Measurement of multiple R 1 values at different Larmor frequencies and/or R values at different spinning frequencies and rf-field strengths can in some cases be sufficient to determine both the timescale (τ c) and amplitude (S 2) of a motion or even multiple motions. However, depending on the correlation time of a given motion, it may be difficult to determine these parameters accurately because their fit values can be strongly correlated. In this case, when using the model-free approach, one can determine the total S 2 independent of the correlation time by directly measuring the magnitude of the incompletely-averaged dipolar coupling of the spin pair in question. In this case, the observed dipole coupling is related to S 2 by its ratio to the rigid-limit dipole coupling (calculated using the vibration-averaged bond distance):

$$S^{2} = \left( {{{\delta_{\text{obs}}^{\text{IS}} } \mathord{\left/ {\vphantom {{\delta_{\text{obs}}^{\text{IS}} } {\delta_{\text{rigid}}^{\text{IS}} }}} \right. \kern-0pt} {\delta_{\text{rigid}}^{\text{IS}} }}} \right)^{2}$$
(8)

If motions on multiple time scales are present, then the S 2 determined by direct measurement of the dipolar coupling will be the product of all order parameters of the different motions acting on the dipole coupling.
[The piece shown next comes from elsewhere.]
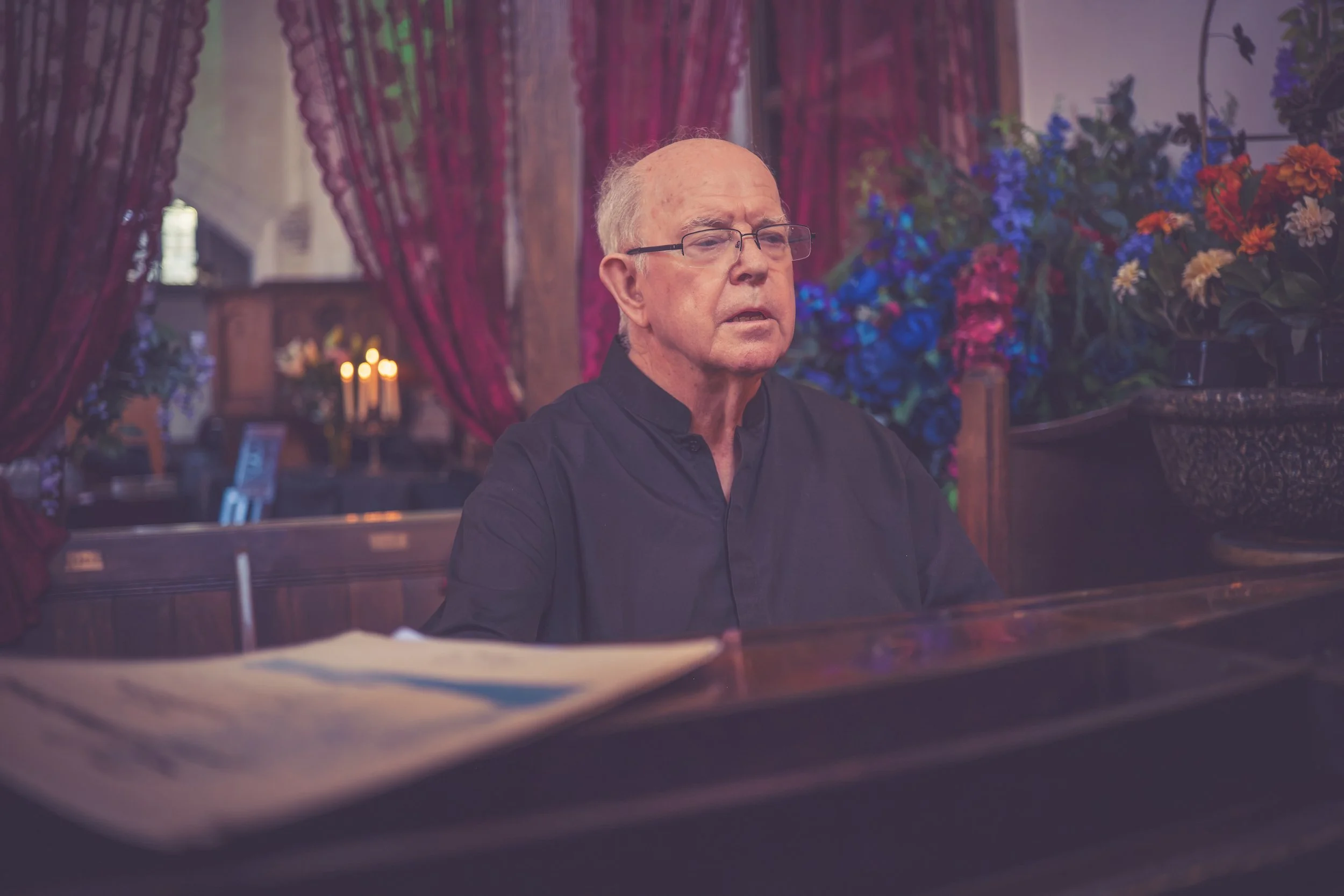 julian-jacobson-music-that-lives-salon-tonal-composers-society.jpg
$$S^{2} = S_{ 1}^{2} \cdot S_{ 2}^{2} \cdot \ldots$$
(9)

Note that if the timescale of a motion is slower than the recoupling rate of the experiment used to measure S 2, then this motion will not be observed via the order parameter. For a 1H–13C one-bond dipole coupling (δ = 44.8 kHz), this means that sensitivity of the recoupling experiment to slow motions will begin to degrade for correlation times of tens of microseconds.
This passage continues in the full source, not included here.